## Exercise directions
Where the records below reach the line containing "翡翠元素中有什么艺术特点？看一下这四个方面！", start transcribing, and end with the line containing "Maximizing Protection: Essential", exactly and with nothing else added.

## Data under study

Content starts

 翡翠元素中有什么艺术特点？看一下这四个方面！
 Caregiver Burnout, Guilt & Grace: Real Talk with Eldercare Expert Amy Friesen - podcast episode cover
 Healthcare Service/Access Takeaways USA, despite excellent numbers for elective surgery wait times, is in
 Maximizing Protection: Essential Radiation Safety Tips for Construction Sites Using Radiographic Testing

Content ends
Content starts

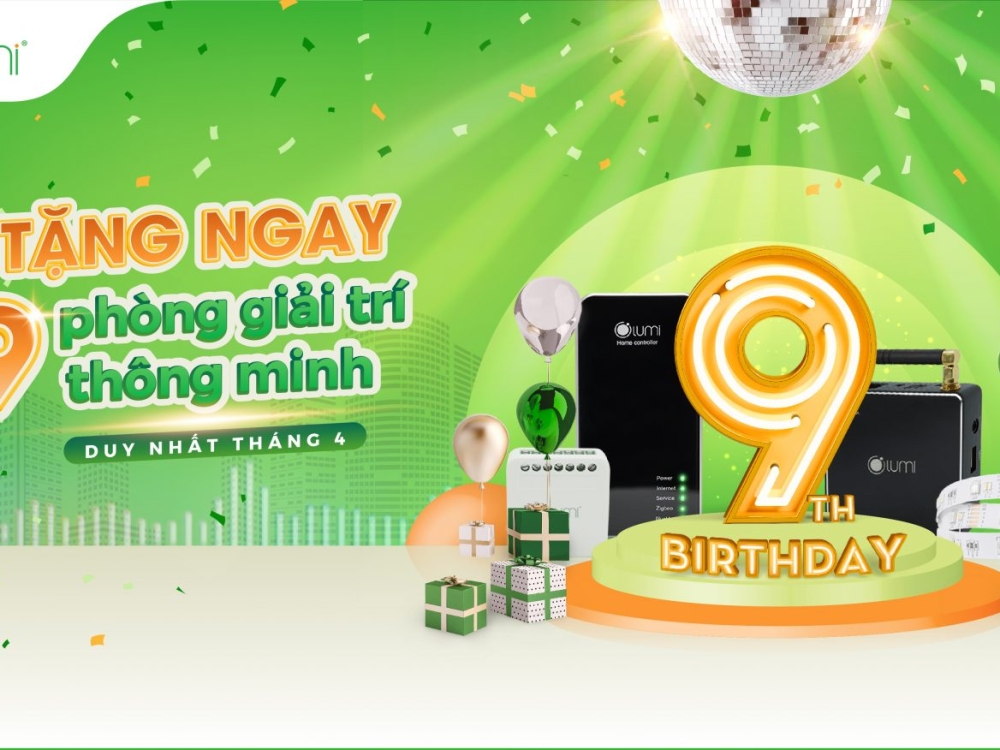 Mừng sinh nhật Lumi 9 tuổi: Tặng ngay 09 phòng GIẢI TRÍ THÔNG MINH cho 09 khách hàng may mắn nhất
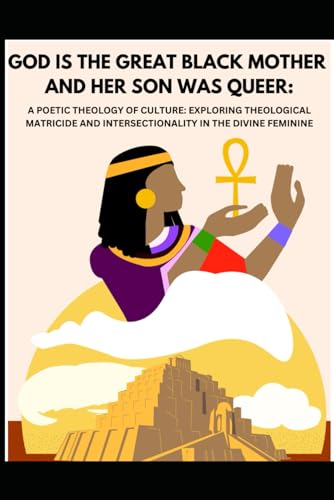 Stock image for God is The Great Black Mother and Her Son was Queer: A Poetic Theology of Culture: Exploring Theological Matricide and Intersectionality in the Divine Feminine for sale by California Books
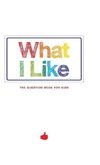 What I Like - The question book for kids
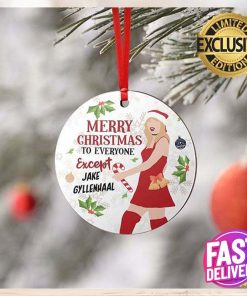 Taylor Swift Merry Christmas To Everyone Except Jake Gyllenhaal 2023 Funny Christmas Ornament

Content ends
Content starts

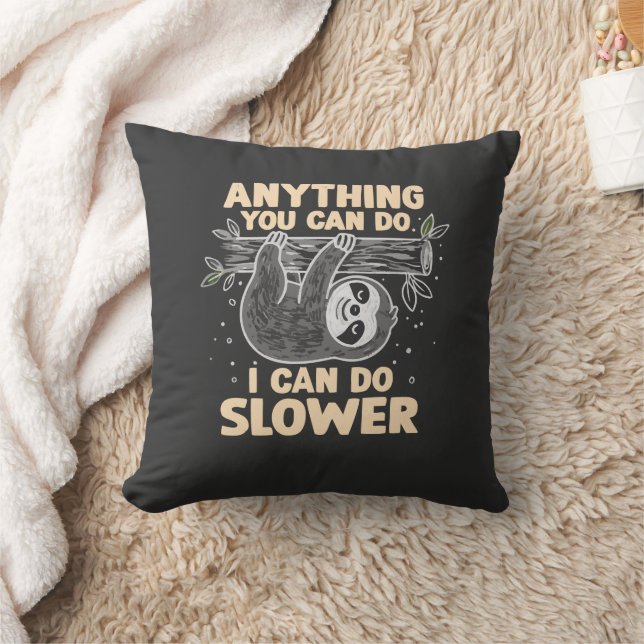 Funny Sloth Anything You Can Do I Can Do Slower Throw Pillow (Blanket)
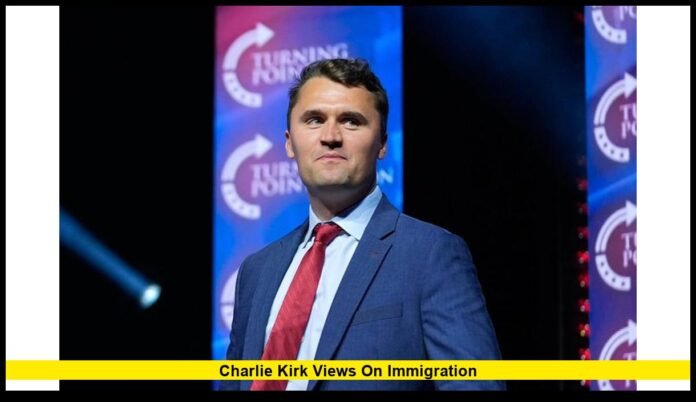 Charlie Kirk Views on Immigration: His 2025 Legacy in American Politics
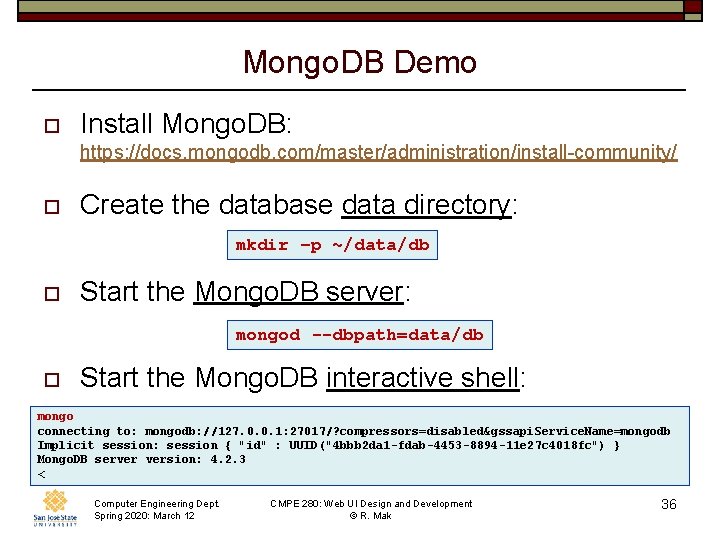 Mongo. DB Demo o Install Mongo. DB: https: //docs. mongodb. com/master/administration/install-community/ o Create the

Content ends

## Output for this exercise
 翡翠元素中有什么艺术特点？看一下这四个方面！
 Caregiver Burnout, Guilt & Grace: Real Talk with Eldercare Expert Amy Friesen - podcast episode cover
 Healthcare Service/Access Takeaways USA, despite excellent numbers for elective surgery wait times, is in
 Maximizing Protection: Essential Radiation Safety Tips for Construction Sites Using Radiographic Testing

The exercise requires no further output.